McKinsey believes what distinguishes top performing companies the world over from average or mediocre ones is essentially the ability to execute a strategy well.

"We found there are companies which year in, year out, outperform their industry peers," said Richard Elder, a co-leader of McKinsey's global performance ethic research project.

Companies such as General Electric, Sony Corp and Singapore Airline's recipe for sustained success stems from practices, which instill throughout their workforces a superior ability to achieve goals and targets.

And that ultimately is reflected both in their bottomlines and share prices.

"There's a very strong correlation between performance ethic and financial results," said Rajat Gupta, a partner in McKinsey's India office.

"Of the companies surveyed, those with the weakest performance ethic have a ROCE (return on capital employed) of 3.4 per cent below industry averages, compared with a ROCE of 4.2 per cent above industry averages for those with the strongest performance ethic," McKinsey said in a statement.

FIVE "MUST DO'S"

McKinsey said there are five things which all top performing companies do.

They convey to workers a compelling mission or aspiration; set clear targets and goals; create smaller organisational units to allow for greater accountability; rank and publicise performance results; and reward top performers and act decisively toward underperformers.

Elder said outstanding companies tended to pay high salaries, with a tremendous pay spread among employees.

"If an average employee is paid X, a top performer is paid three, four or five times X," said Elder.

The world's most competitive companies are true meritocracies, which promote and compensate employees according to results -- and don't hesitate to fire slackers, he also said.

"In fact, we were told by these companies that they liked turnover at the top because it creates opportunities."

World beaters also benchmark themselves not against the best companies in their industry or country, but the best in the world.

HOW INDIAN COMPANIES SCORED

The survey found Indian companies, even the top performers, are weak at tracking employee performance and pursuing what McKinsey refers to as "consequence management."

"Indian companies rely on values rather than incentives and opportunities to motivate people," said Gautam Kumra, a principal in McKinsey's India office. "The values are moral in nature and not grounded in business objectives." McKinsey identified three barriers to pursuing the sort of performance ethic it advocates -- leadership mindset, cultural conditioning and failure to recognise people as an asset.

On the first two counts, Kumra said even top Indian executives "are too accustomed to incremental thinking because before you weren't allowed to engage in big-picture thinking."

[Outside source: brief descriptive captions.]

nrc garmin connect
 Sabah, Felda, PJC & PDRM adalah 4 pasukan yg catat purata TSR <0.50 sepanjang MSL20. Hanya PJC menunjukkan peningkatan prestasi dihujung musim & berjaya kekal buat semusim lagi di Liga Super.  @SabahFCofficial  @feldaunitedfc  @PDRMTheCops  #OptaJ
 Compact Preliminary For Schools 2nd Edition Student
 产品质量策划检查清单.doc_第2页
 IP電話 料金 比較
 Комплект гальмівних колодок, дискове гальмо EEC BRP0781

Regarding incentives, Indian companies often said they could not offer big financial inducements because they couldn't afford to, or doing so would breed dissent within the workforce.

While recognising that cultural differences affects how companies operate, McKinsey preaches that new practices can be introduced with the right approach.

"Some Asian companies have shown how we can overcome cultural obstacles and still be active against underperformers -- for instance, by 'parking' poor performers, moving them to less critical jobs or retiring them prematurely."

Ultimately, McKinsey indicated Indian companies may not be able to resist the action it advocates.

"The winds of change are blowing strongly in Asia: liberalisation and privatisation, globalisation, entry into the World Trade Organisation (in China's and India's case), and e-commerce are transforming every aspect of doing business in the region."